Material provided Start Marker

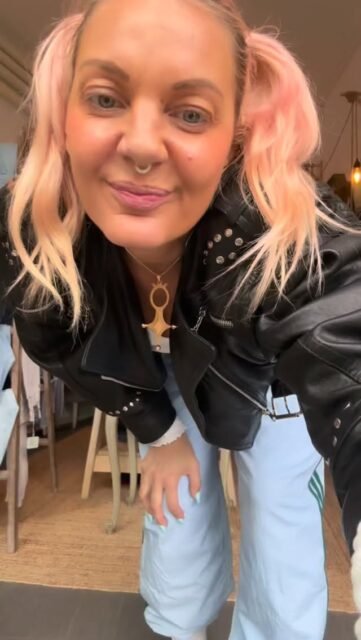 J’ai une boutique vintage et JE M’EN FOUS…

Et j’ai envie que tu le saches 💛

👉 Je m’en fous que tu essayes 10 pièces et que tu repartes sans rien
👉 Je m’en fous que tu hésites pendant une heure
👉 Je m’en fous que tu connaisses pas ta taille
👉 Je m’en fous que tu trouves que c’est “un peu cher”
👉 Je m’en fous que tu viennes juste pour regarder
👉 Je m’en fous que tu me dises “je vais réfléchir” et que tu reviennes jamais
👉 Je m’en fous que tu prennes un rendez-vous pour être tranquille le matin
👉 Je m’en fous que tu aies besoin de temps juste pour toi dans la boutique

Ici, tu peux prendre ton temps.
Essayer, hésiter, changer d’avis.

Je ne suis pas là juste pour vendre.
Et certainement pas pour te faire repartir avec une pièce qui finira au fond de ton placard.

Si ce n’est pas un vrai coup de cœur, je préfère que tu la laisses ici.

Ce qui compte pour moi, c’est que tu trouves TON style.
Une pièce qui te correspond vraiment, que tu ne verras pas partout.

Par contre…

✨ Je veux que tu respectes le vintage
✨ Je veux que tu comprennes la valeur des pièces
✨ Je veux que tu choisisses avec intention
✨ Je veux que tu te sentes stylée
✨ Je veux que tu te sentes bien dans ton corps avec ce que tu portes

💛

📍 Lisou Street Vintage
Avenue de Béthusy 38B, Lausanne

🕒 Horaires
Mardi – Vendredi : 13h – 19h
Samedi : 11h – 18h

#lisoustreetvintage #vintage #vintagestyle #lausanne #secondemain slowfashion modevintage styleunique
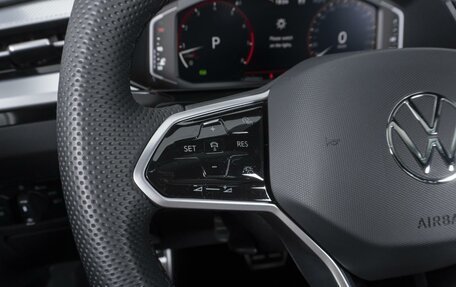 Volkswagen Passat CC, 2024 год, 4 879 000 рублей, 26 фотография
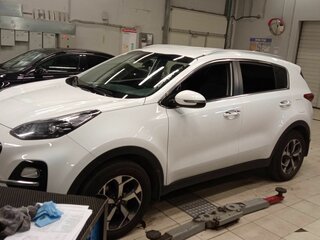 2019 Kia Sportage IV Рестайлинг, белый, 1880000 рублей, вид 4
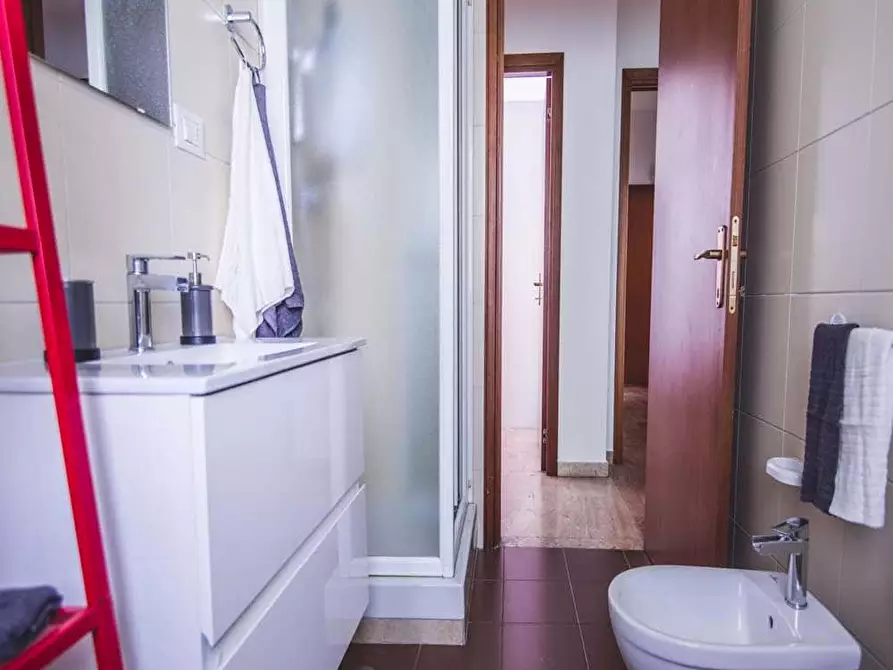 Immagine 10 di Camera in affitto  in Via Valassina7 a Milano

Material provided End Marker

▸ **What is expected**
The range to copy runs from the line with "te sentes stylée" to the last line of the entries, both included; copy it exactly and leave out the pictures.

▸ **Solved exercise**
✨ Je veux que tu te sentes stylée
✨ Je veux que tu te sentes bien dans ton corps avec ce que tu portes

💛

📍 Lisou Street Vintage
Avenue de Béthusy 38B, Lausanne

🕒 Horaires
Mardi – Vendredi : 13h – 19h
Samedi : 11h – 18h

#lisoustreetvintage #vintage #vintagestyle #lausanne #secondemain slowfashion modevintage styleunique
 Volkswagen Passat CC, 2024 год, 4 879 000 рублей, 26 фотография
 2019 Kia Sportage IV Рестайлинг, белый, 1880000 рублей, вид 4
 Immagine 10 di Camera in affitto  in Via Valassina7 a Milano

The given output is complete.